Bug 109135

Summary: R9 390 hangs at boot with DPM/DC enabled for kernels 4.19.x and above, says KMS not supported
Product: DRI Reporter: rmuncrief
Component: DRM/AMDgpuAssignee: Default DRI bug account <dri-devel>
Status: RESOLVED MOVED QA Contact:
Severity: critical    
Priority: medium CC: gta4lj
Version: XOrg git   
Hardware: x86-64 (AMD64)   
OS: Linux (All)   
Whiteboard:
i915 platform: i915 features:
Attachments:
Description Flags
Example of failed amdgpu boot with R9 390.
none
Example of good amdgpu boot with R9 390.
none
Kernel Log From Crash on R9 390 > 4.19 none

Description rmuncrief 2018-12-22 19:20:23 UTC
Created attachment 142874 [details]
Example of failed amdgpu boot with R9 390.

I'm running the latest Manjaro and have a Sapphire Nitro R9 390. Kernels before 4.19.x work great with amdgpu, but all kernels from 4.19.x on hang at boot, and usually don't even generate a boot log, no matter how long you wait.

However after compiling and testing the latest linux-amd-wip-git I was able to get a log so I can finally file a bug. By the way, I've gotten a few logs before but lost them while debugging, however this time I had the sense to save it.

In nay case, the error line is always the same:

AMDGPU(0): [KMS] drm report modesetting isn't supported.

This only happens if you set amdgpu.dpm=1 and/or amdgpu.dc=1 with the bad kernels. If you leave those options out amdgpu works, but things like resuming from suspend, etc. don't work.

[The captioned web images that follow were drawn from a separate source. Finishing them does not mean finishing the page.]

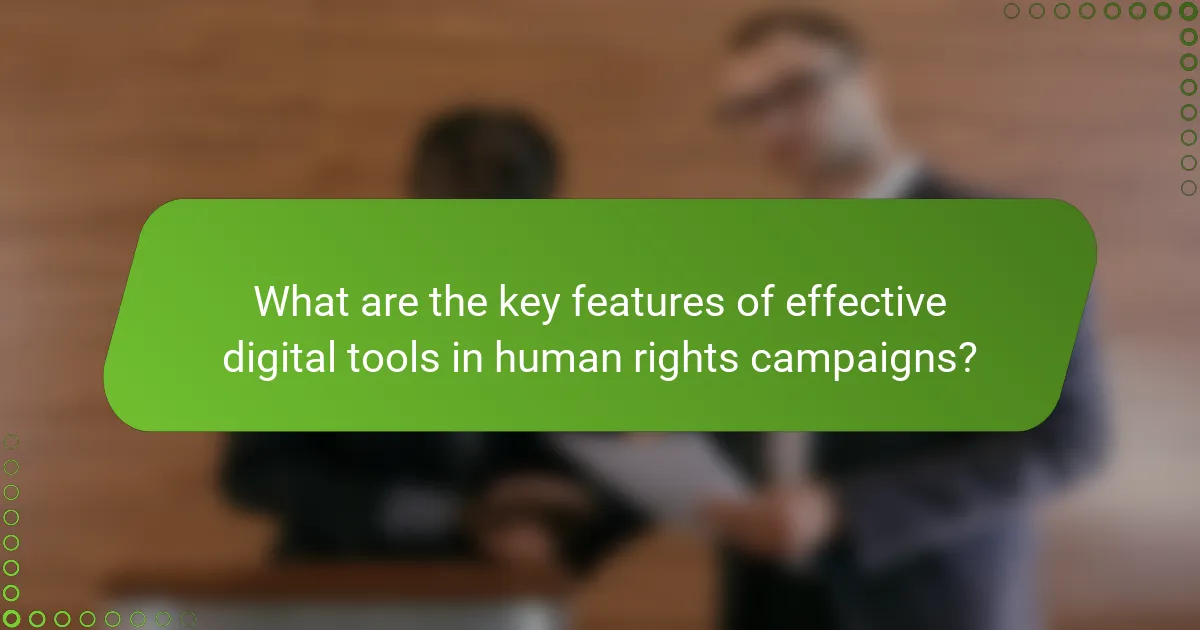 What are the key features of effective digital tools in human rights campaigns?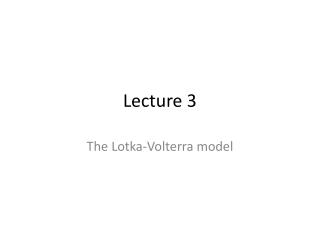 Lecture 3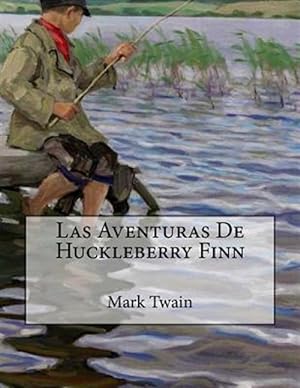 Image du vendeur pour Las Aventuras De Huckleberry Finn -Language: spanish mis en vente par GreatBookPrices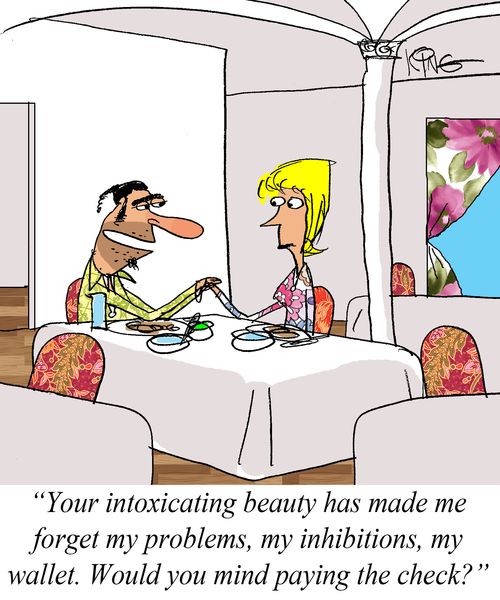 'Your intoxication beauty has made me forget my problems, my inhibitions, my wallet. Would you mind paying for the check?'
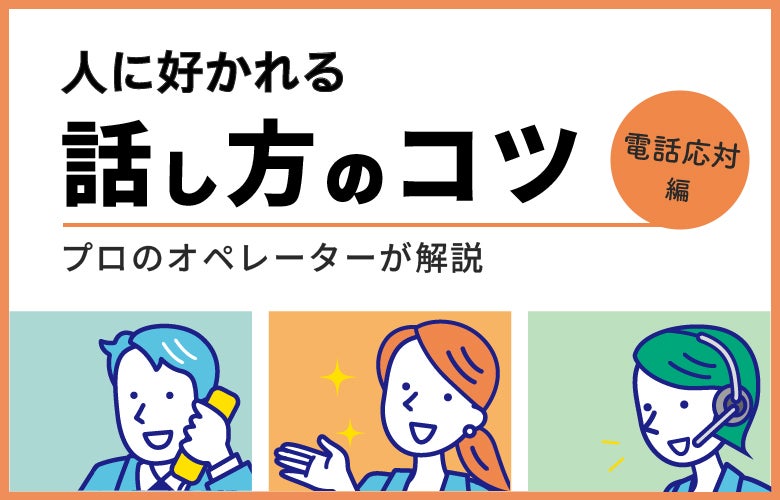 人に好かれる話し方のコツ|プロのオペレーターが解説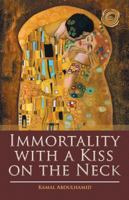 Immortality with a Kiss on the Neck 1490770801 Book Cover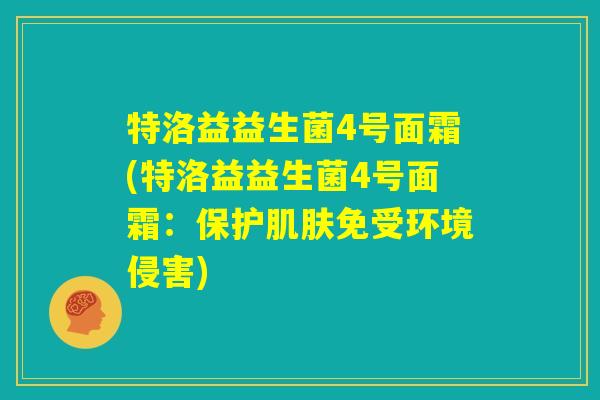 特洛益益生菌4号面霜(特洛益益生菌4号面霜：保护肌肤免受环境侵害)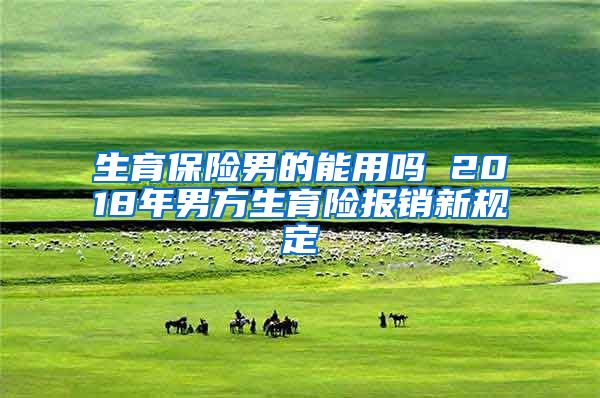 生育保险男的能用吗 2018年男方生育险报销新规定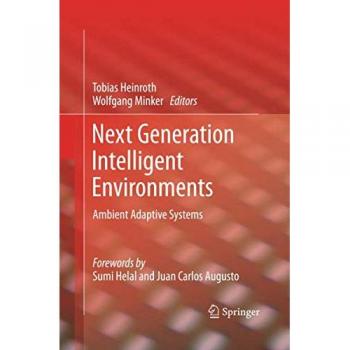 Next Generation Intelligent Environments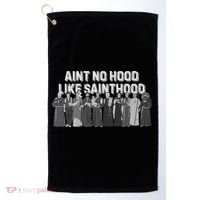 Catholic Religious Faith Prayer AinT No Hood Like Sainthood Golf Towel thumb 0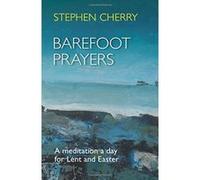 Barefoot Prayers: A Meditation a Day for Lent and Easter Cherry, Stephen (Auteur)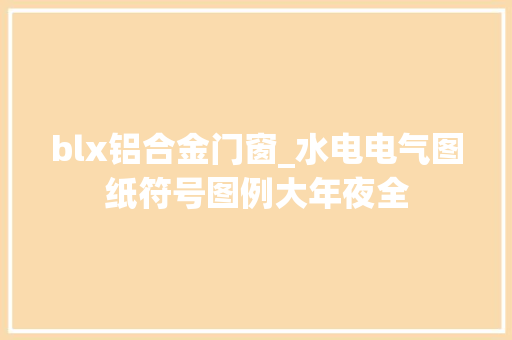 blx铝合金门窗_水电电气图纸符号图例大年夜全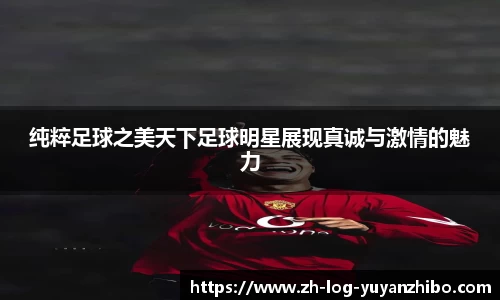 纯粹足球之美天下足球明星展现真诚与激情的魅力
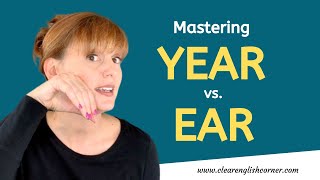 Year vs Ear American English Pronunciation Tip [upl. by Mylo]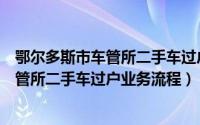 鄂尔多斯市车管所二手车过户业务流程咨询（鄂尔多斯市车管所二手车过户业务流程）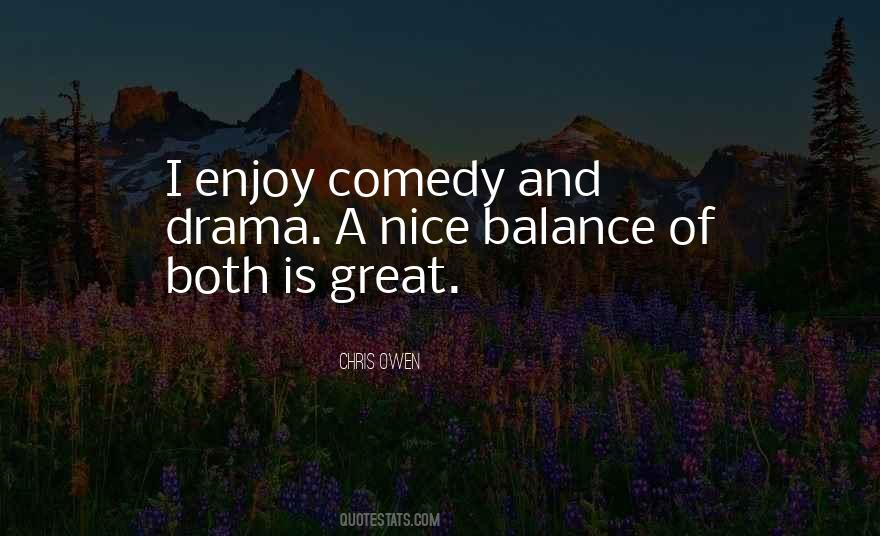 Comedy Drama Quotes #413996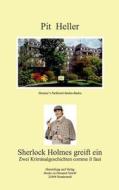 Sherlock Holmes Greift Ein di Pit Heller edito da Books On Demand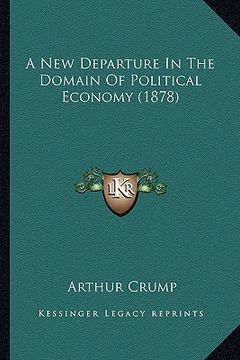 portada a new departure in the domain of political economy (1878) (en Inglés)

I've attached Xorg.0.good.log to show a good boot with kernel 4.18.20, and a Xorg.0.bad.log to show the failed boot with amd-wip-git. And by the way I've tried numerous kernels over the last weeks and they all fail the same way, but if you want me to test a specific kernel I'll be happy to do so.

Here's the grub line I use for all testing:
GRUB_CMDLINE_LINUX_DEFAULT="quiet resume=UUID=b4f71480-8fe3-43c2-99c9-fc3f5687545b libata.atapi_passthru16=0 rd.modules-load=vfio-pci amd_iommu=on iommu=pt amdgpu.modeset=1 radeon.si_support=0 radeon.cik_support=0 amdgpu.si_support=1 amdgpu.cik_support=1 amdgpu.dpm=1 amdgpu.dc=1"
Comment 1 rmuncrief 2018-12-22 19:21:19 UTC
Created attachment 142875 [details]
Example of good amdgpu boot with R9 390.
Comment 2 rmuncrief 2018-12-23 19:52:00 UTC
Ooops, I accidentally overwrote the log from linux-amd-wip-git with a later failed test with 4.20.0-rc7-mainline, so the bad log I attached is for 4.20.0-rc7-mainline.

However as I said before it's been the same error all along for all kernels from 4.19.x on. I'll recompile linux-amd-wip-git and get log from their if anyone needs it though.
Comment 3 toma678 2018-12-24 21:43:36 UTC
Created attachment 142880 [details]
Kernel Log From Crash on R9 390 > 4.19

Added kernel log from crash. Error affects 4.19 and 4.20. Runs fine with same settings on 4.18. 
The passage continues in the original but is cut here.